Brookfield is one of the major players involved in the buildout of AI infrastructure such as data centers

JOSEP LAGO/AFP via Getty Images

The rapid growth of artificial intelligence will require about $7 trillion of capital – equivalent to about a quarter of U.S. gross domestic product – according to one of the world’s biggest investors.

Brookfield is one of the major players involved in the buildout of AI infrastructure, such as data centers, and across its various different entities it manages more than $1 trillion in assets. 

“There’s a lot of capital that needs to go in. We estimate about $7 trillion.

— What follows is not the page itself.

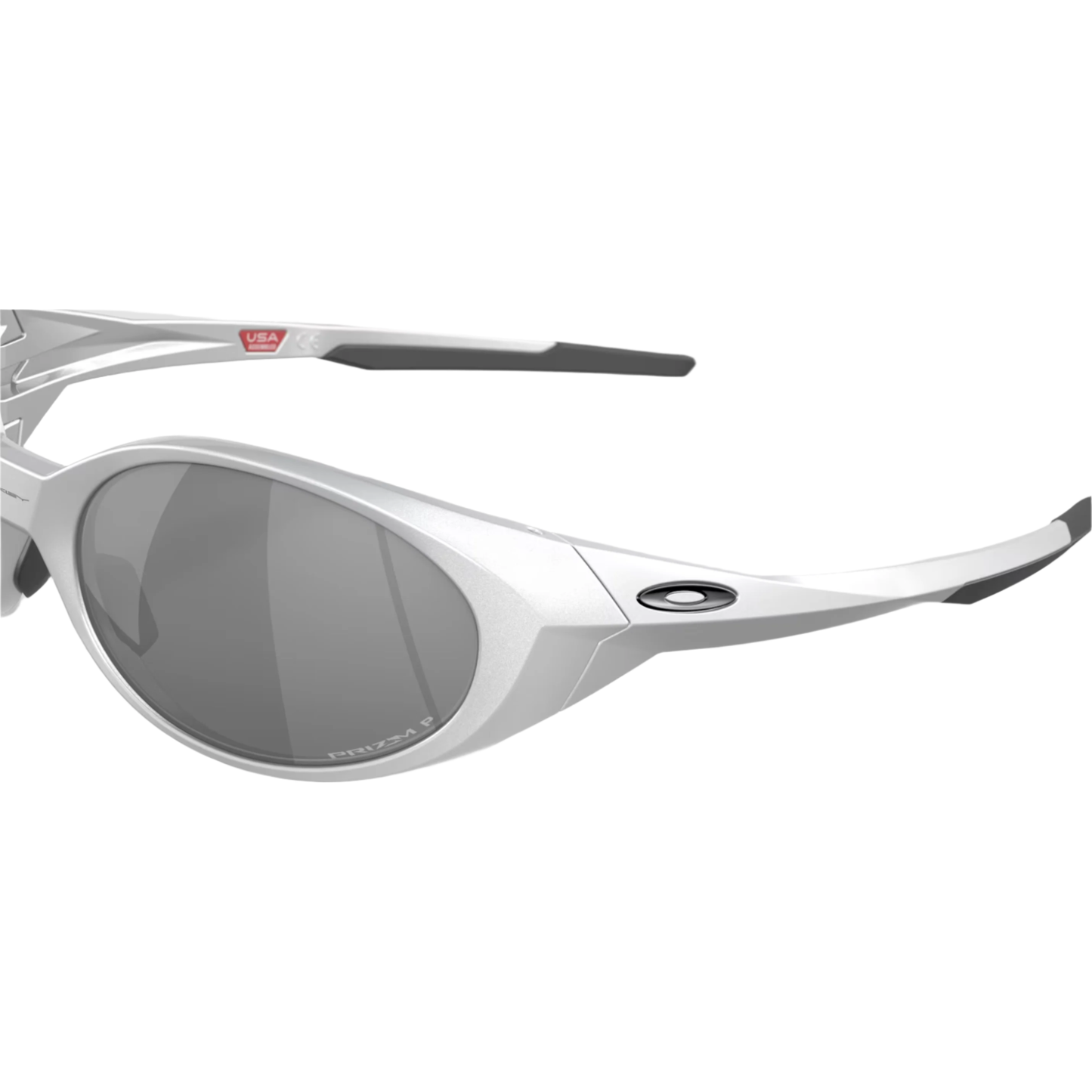 Oakley - Eyejacket Redux - Velocity 21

That’s a large number,” said Hadley Peer Marshal, chief financial officer at Brookfield Asset Management, in a Bloomberg interview. “That’s going to bring about $10 trillion of productivity on an annual basis.”

The company estimates that to match demand over the next decade, about $2 trillion needs to go towards “AI factories,” $4 trillion needs to go on computing infrastructure, while $500 billion needs to go on “power and transmission” and “strategic adjacencies,” respectively, per the interview.

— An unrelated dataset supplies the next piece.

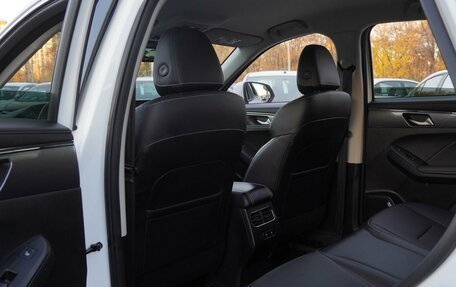 Haval Jolion, 2023 год, 1 950 000 рублей, 11 фотография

Brookfield’s New York-based asset management arm has already deployed tens of billions into the space, according to an August letter to investors from chief executive Bruce Flatt, and sees a “significant pipeline of opportunities,” it said at the time. 

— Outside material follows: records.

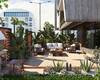 Apartments with Shared Pool Near the Beach in Konyaaltı Antalya 5
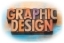 Grafikdesign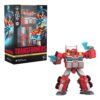 Transformers Age of the Primes Voyager Class Akció Figura Rescue Bot Heatwave 18 cm Transformers Age of the Primes Voyager Class Akció Figura Rescue Bot Heatwave 18 cm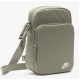 Сумка на плече Nike NK HERITAGE CROSSBODY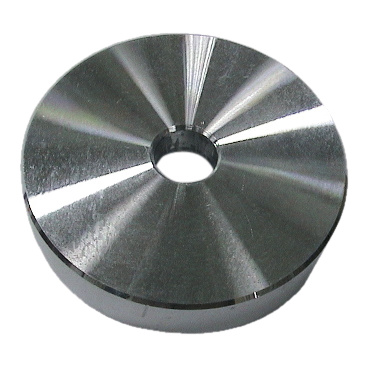 Reloop RP Puck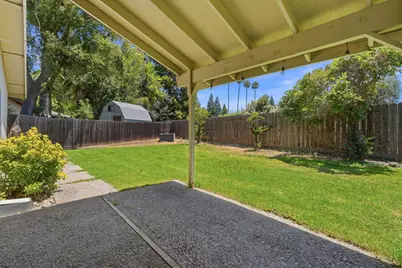 210 Laurel Court, Ripon, CA 95366 - Photo 24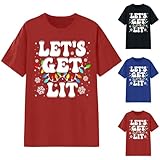 Zoom IMG-1 generisch maglietta da donna morbida Zoom IMG-1 generisch maglietta da donna morbida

“A lot of these are going to be large industrial investments that we need to make,” Peer Marshall said. “What we’re building is the backbone of AI,”

The figures come after a warning last month from consultancy Bain & Co. about the financial pressure building across the sector. The consulting firm AI firms will need roughly $2 trillion in yearly revenue by 2030 to cover the computing power needed to meet demand, but will miss that by $800 billion as services such as ChatGPT bring in less money than the infrastructure costs required to support them.

OpenAI is losing billions of dollars a year as it focuses on expansion, though the company has said it expects to turn cash-flow positive by 2029. The Bain report said the mismatch could increase scrutiny of how AI companies are valued. “If the current scaling laws hold, AI will increasingly strain supply chains globally,” said David Crawford, chairman of Bain’s global technology practice.